Demikian siaram pers Ketua Komisi V DPR-RI diterima HarianBatakPos.com, Rabu(20/6).
Disebutkan, pengintegrasian tarif tol JORR ini berpotensi melanggar pasal 48 UU Jalan. Ada indikasi kenaikan tarif terselubung dalam kebijakan ini khususnya untuk pengguna tol jarak pendek.
"Kenaikan tarif Tol sangat signifikan yaitu 57% dari tarif awal Rp9.500 menjadi Rp15.000. Padahal, jika mengacu UU, dengan inflasi hanya 3% per tahun maka kenaikan masksimal hanya 6%,” kata Sigit Sosiantomo.
Selain laju inflasi, tarif tol juga dihitung berdasarkan kemampuan bayar pengguna jalan, besar keuntungan biaya operasi kendaraan, dan kelayakan investasi. Dan bila mengacu pada daya beli masyarakat, pada kuartal I 2018, proporsi pendapatan masyarakat yang dibelanjakan menurun menjadi 64,1%.

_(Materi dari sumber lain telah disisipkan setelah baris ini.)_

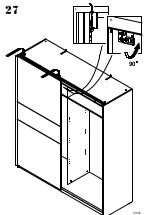 Preview for 33 page of Forte WNNS823E1 Assembly Instruction Manual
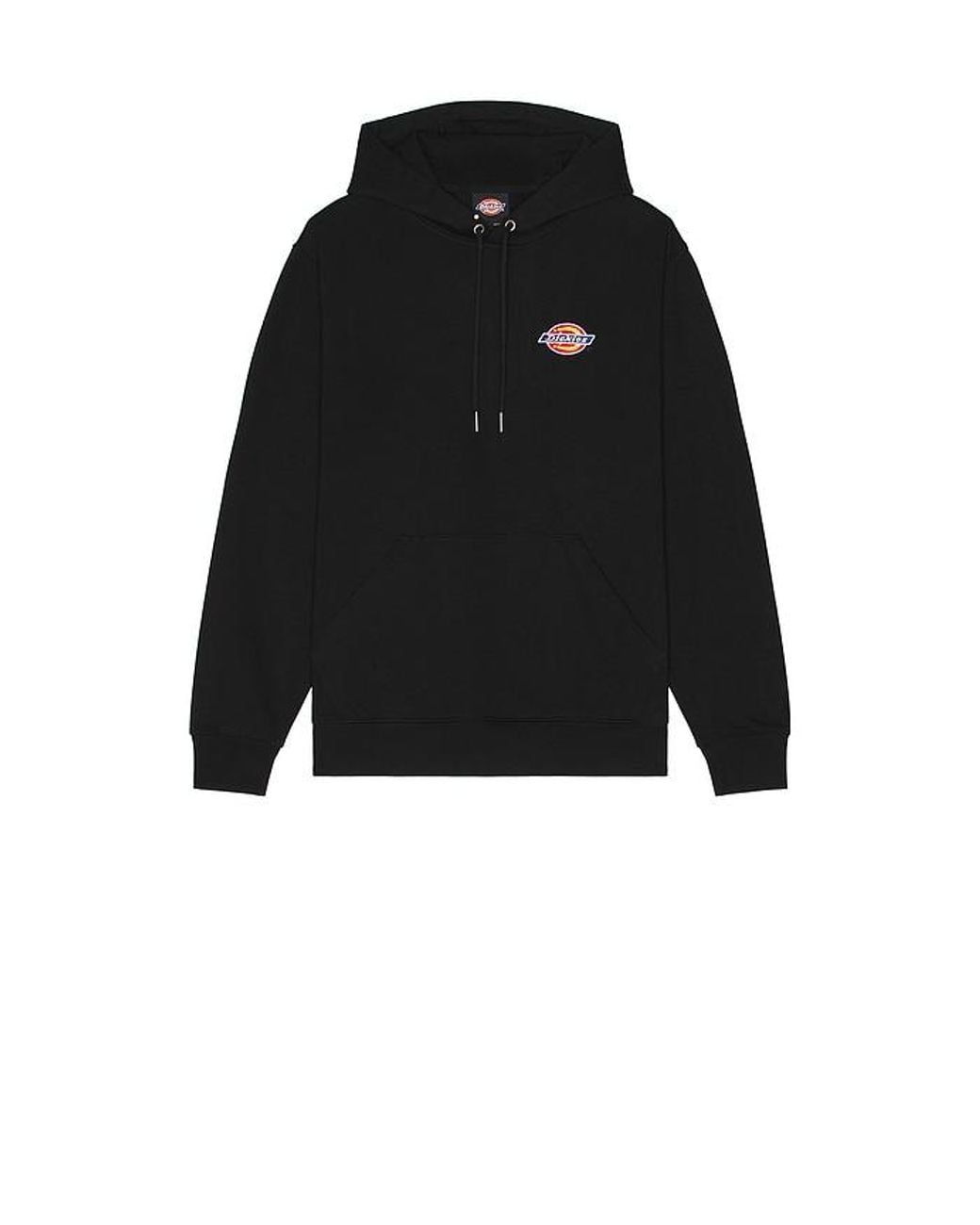 Dickies Black Chest Hit Logo Hoodie for men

Menurutnya, daya beli masyarakat saat ini sangat lemah. Artinya, kemampuan bayar pengguna jalan juga mengalami penurunan. Lantas kenapa disaat seperti ini pemerintah justru mengmabil kebijakan mengintegrasikan tarif tol yang akan membebani pengguna tol.
"Sebaiknya pemerintah sebagai regulator focus untuk mengingatkan dan mengawasi pengelolaan jalan tol oleh operator agar memenuhi SPM," ujar Sigit.
Apalagi, hasil audit Badan Pemeriksa Keuangan (BPK) mendapati banyak persoalan dalam pengelolaan tol mulai dari SPM yang tidak dipenuhi hingga penetapan tarif yang membebani masyarakat.
Ditambahkan, sesuai hasil evaluasi BPK atas pengelolaan beberapa ruas tol di Jawa dari tahun 2014—2016 menemukan 6 (enam) masalah pokok yang dapat mengganggu pengelolaan operasional jalan tol pada Kementerian PUPR, BPJT dan BUJT berkaitan dengan kelancaran lalu lintas dan kebijakan tarif tol.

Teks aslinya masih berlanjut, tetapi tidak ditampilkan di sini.